#MUNIonThis: On the average, a commuter in Metro Manila spends 1,000 hours each year on the road. Commuters in well-planned cities in other parts of the world, however, spend only about 300 hours per year. It means Manila commuters are forced to waste 700 hours—or almost a month—in vehicles trapped on congested roads.
More so, results of a study conducted by the Japan International Cooperation Agency reveal that the Philippines would lose Php 6 billion daily due to traffic by 2030. That’s a lot of money that could already fund social services like hospital care, additional classrooms, and wage increase.
With the inefficient mass transport systems and affordable deals offered by manufacturers, it really is tempting to buy a new car. Apparently, many have succumbed as car sales continue to grow each year.
According to the data gathered by the Chamber of Automotive Manufacturers of the Philippines, Inc., 288,609 units were sold in 2015.
The increasing number of cars traveling on the roads of Metro Manila has caused gridlock, leading to long unproductive hours of commuters.
Sadly, it is not just an issue of wasted hours on the road as the Metro Manila traffic also contributes to carbon dioxide emissions posing serious health threats. In addition, commuters and pedestrians have become more at risk to accidents. Records of the Metropolitan Manila Development Authority (MMDA) show that over 100,000 traffic accidents were recorded in 2016.
Dealing with urban gridlock
While real, sustainable solutions would require new policies and additional infrastructure, you can also do your part in beating Manila traffic.
Learn more from the stories and insights of experts and advocates on what can be done at the MUNI Meetup on Beating Manila Traffic.
“It is important that people are aware of the problem and that they can do something about it.

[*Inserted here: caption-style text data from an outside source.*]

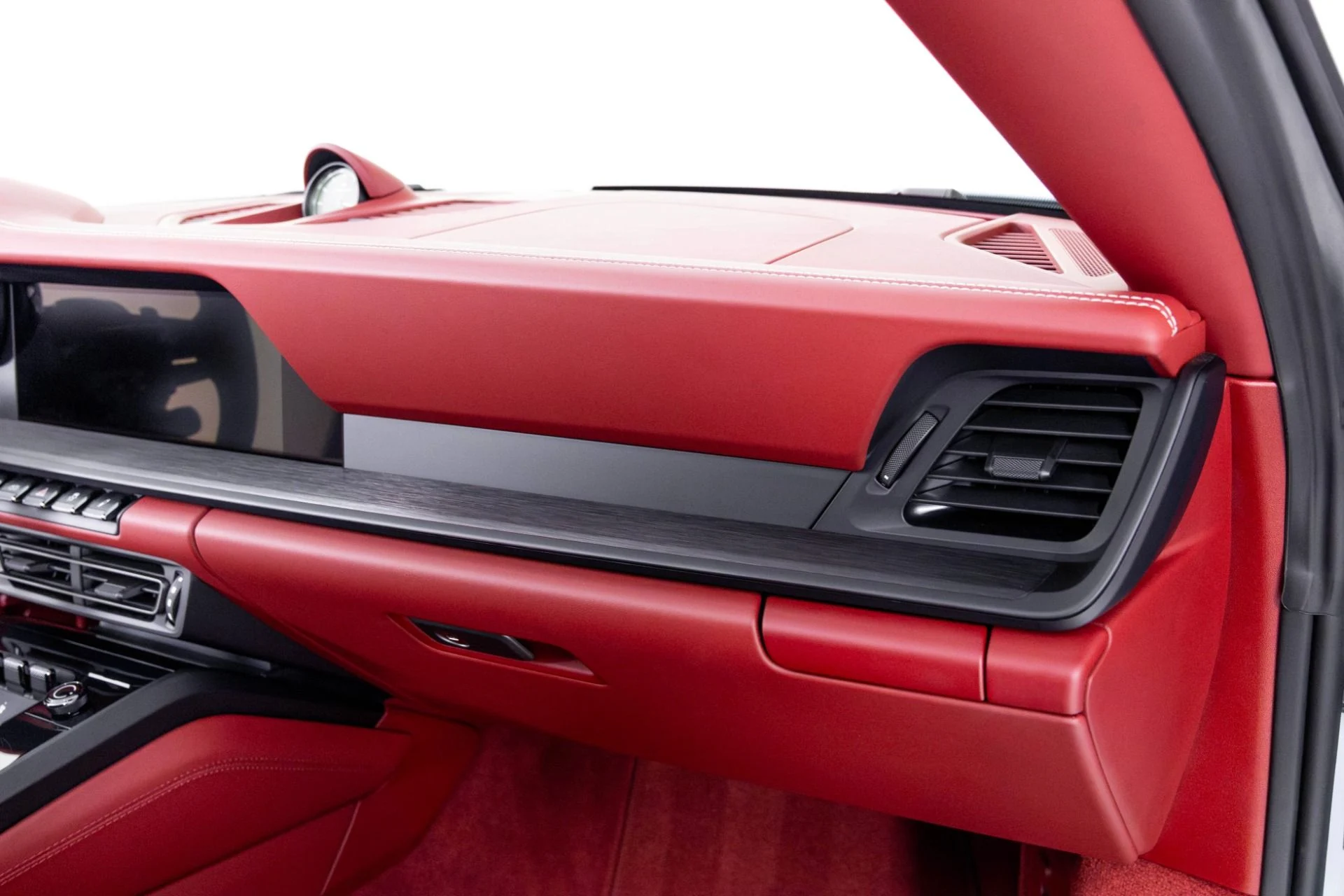 mph042_13586563_Used_2023_Porsche_911_Targa_4_GTS_1762298448_78aafdaffd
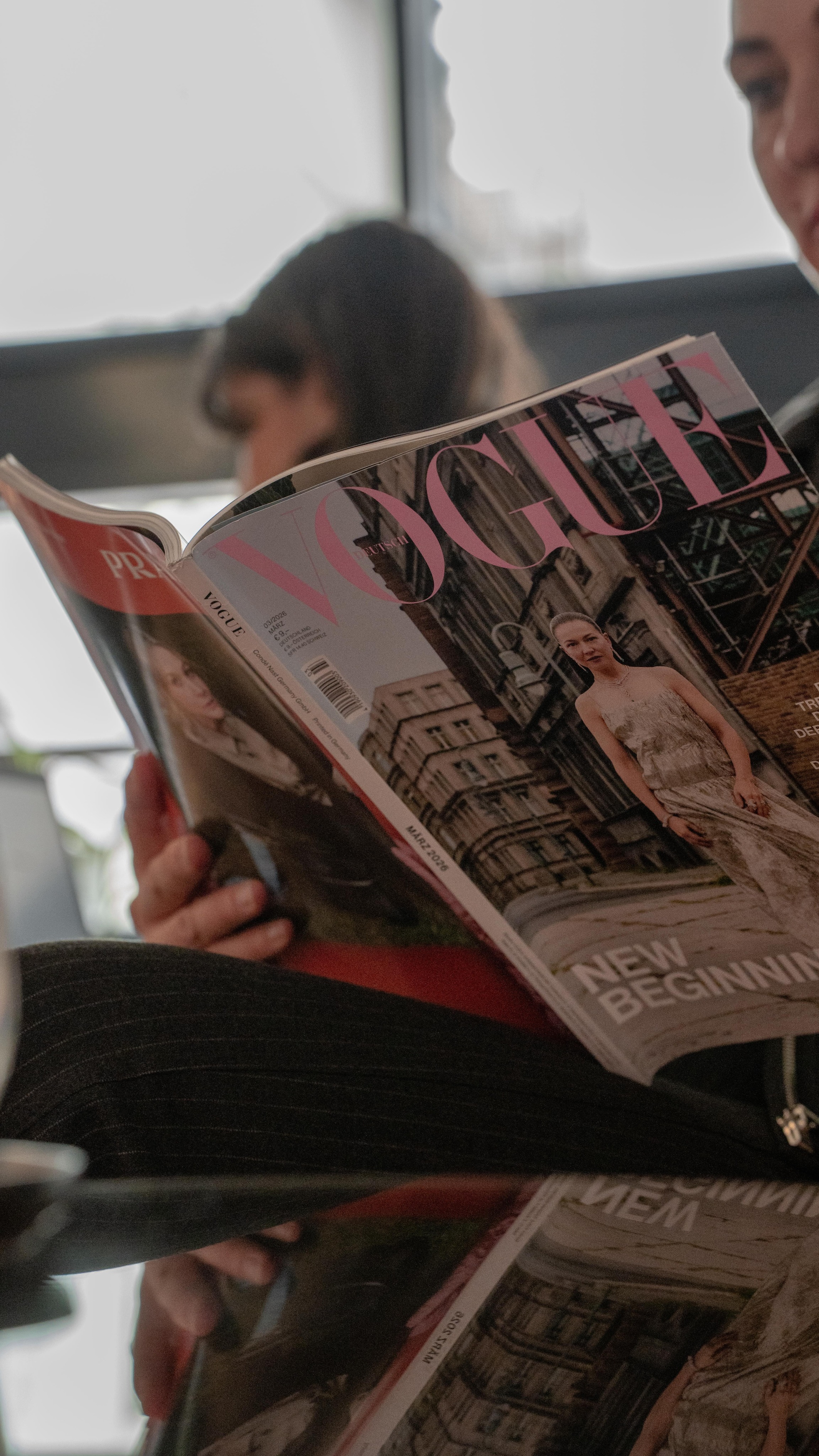 We spend hours reading reviews of hotels or restaurants— so why should we be any less selective when it comes to our own faces?
The consultation is the moment when the chemistry has to be right. It’s the time for you to ask questions, voice your concerns, and share your wishes. An honest doctor takes the time to listen and creates a plan that enhances your natural beauty rather than masking it.
-
Wir verbringen Stunden damit, Rezensionen für Hotels oder Restaurants zu lesen – warum sollten wir bei unserem eigenen Gesicht weniger wählerisch sein?
Die Konsultation ist der Moment, in dem die Chemie stimmen muss. Es ist der Raum für deine Fragen, deine Ängste und deine Wünsche. Ein ehrlicher Arzt nimmt sich Zeit, hört zu und erstellt ein Konzept, das deine natürliche Schönheit unterstreicht, statt sie zu maskieren.
•
#aesthetics #dermedesthetic #medicalaesthetics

To beat Manila traffic, the game is really about changing public perception. We have to change consumer behavior and reimagine our transport systems,” says Roy Joseph R. Roberto, Regional Director for Southeast Asia, Climate Tracker.

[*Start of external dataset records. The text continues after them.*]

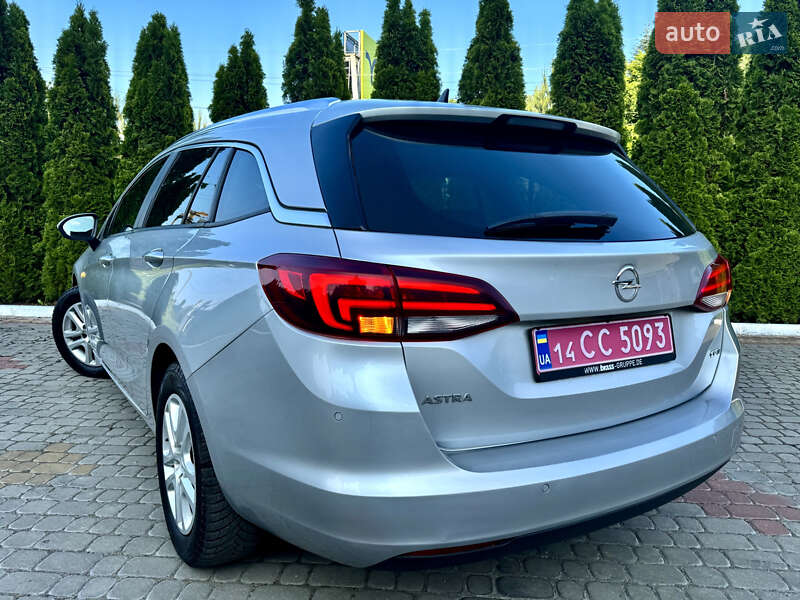 Универсал Opel Astra 2018 в Трускавце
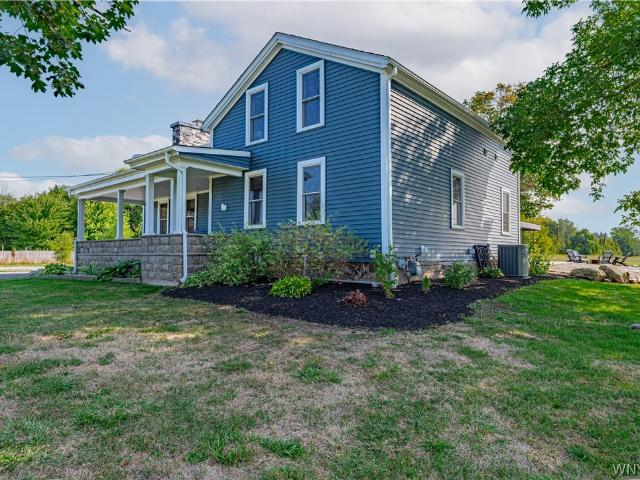 House for sale in Niagara, New York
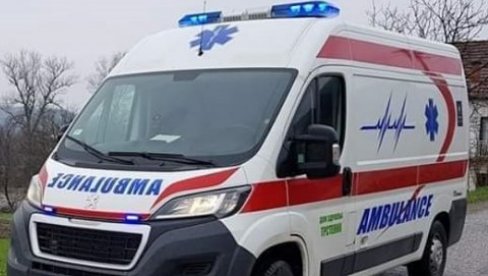 ПЕТАРДОМ СЕБИ РАЗНЕО РУКУ: Мушкарац тешко повређен у Младеновцу ПЕТАРДОМ СЕБИ РАЗНЕО РУКУ: Мушкарац тешко повређен у Младеновцу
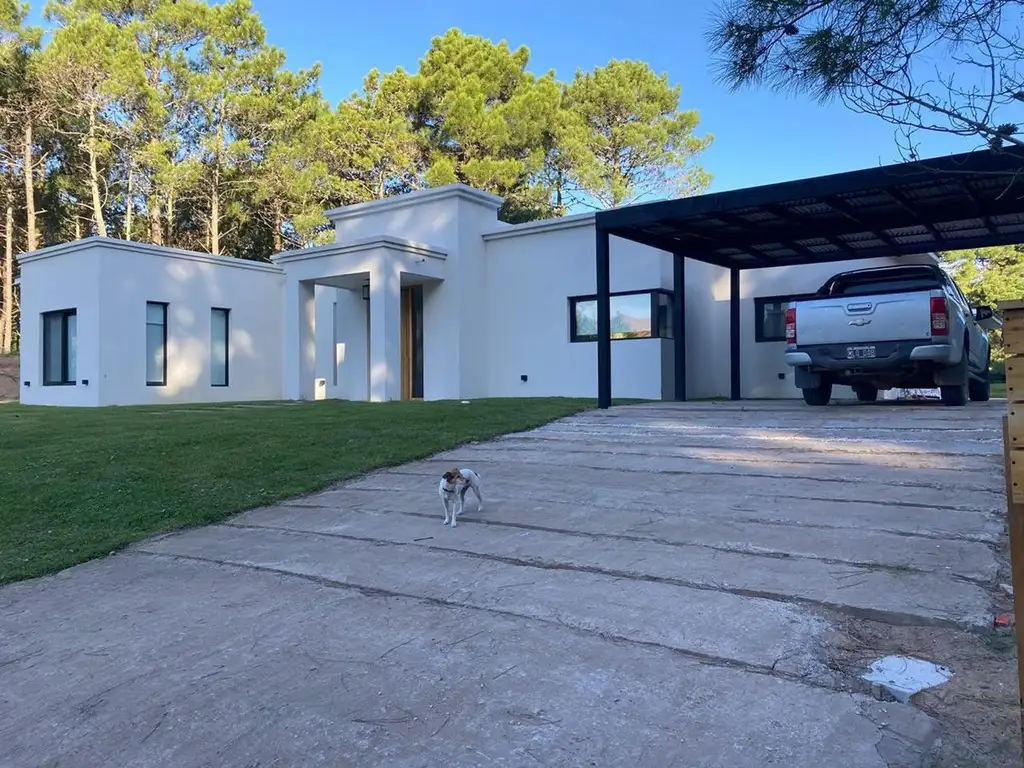 VENTA CASA 4 AMBIENTES PINAMAR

Robert Siy, Senior Advisor at the Department of Transportation, notes that people should improve their mobility and should not solely depend on using motorized vehicles.
Val Simon Roque Director, Division for Environment & Climate Change, Department of Foreign Affairs, shares the same sentiment and urges the public to start using bicycle when traveling on short distances.
Meanwhile, Alex Yague Jr., Executive Director of Provincial Bus Operators Association, thinks that “improving the efficiency of public transportation is the key in solving the current traffic situation”. He adds that educating the public on other transportation options such as the Point to Point (P2P) buses is important.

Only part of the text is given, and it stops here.